» **Provided material**:
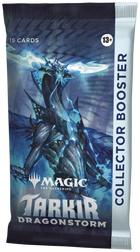 Magic: The Gathering - Tarkir: Dragonstorm - Collector Booster Pack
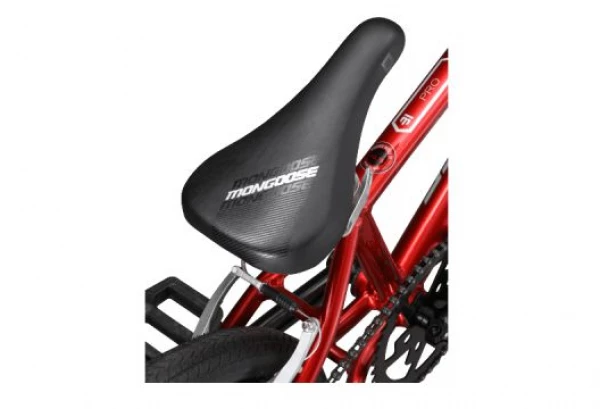 BMX Mongoose Title Pro Rouge 6 BMX Mongoose Title Pro Rouge – Image 4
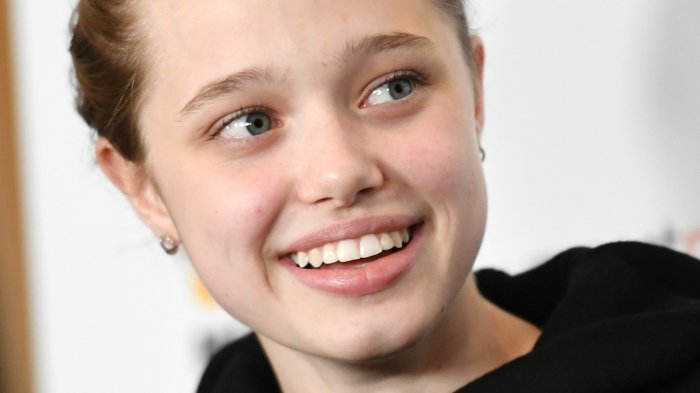Shiloh, la figlia di Angelina Jolie e Brad Pitt si presenta con un nuovo nome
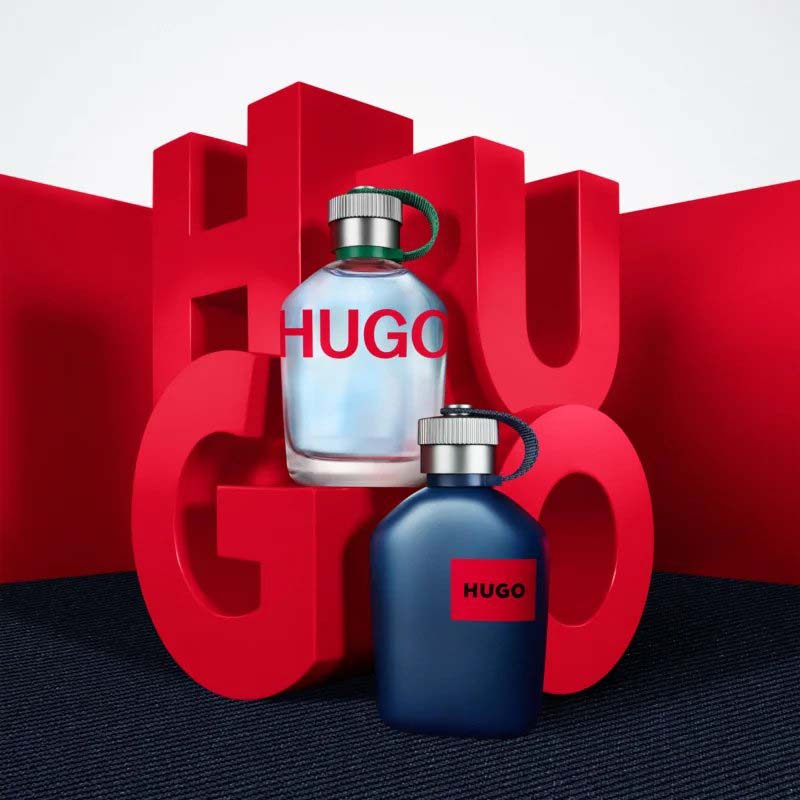 Eau de toilette 'Hugo' - 125 ml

» **Work to complete**: Print the listing again exactly, please. Keep the pictures out of it.

» **Written solution**:
 Magic: The Gathering - Tarkir: Dragonstorm - Collector Booster Pack
 BMX Mongoose Title Pro Rouge 6 BMX Mongoose Title Pro Rouge – Image 4
Shiloh, la figlia di Angelina Jolie e Brad Pitt si presenta con un nuovo nome
 Eau de toilette 'Hugo' - 125 ml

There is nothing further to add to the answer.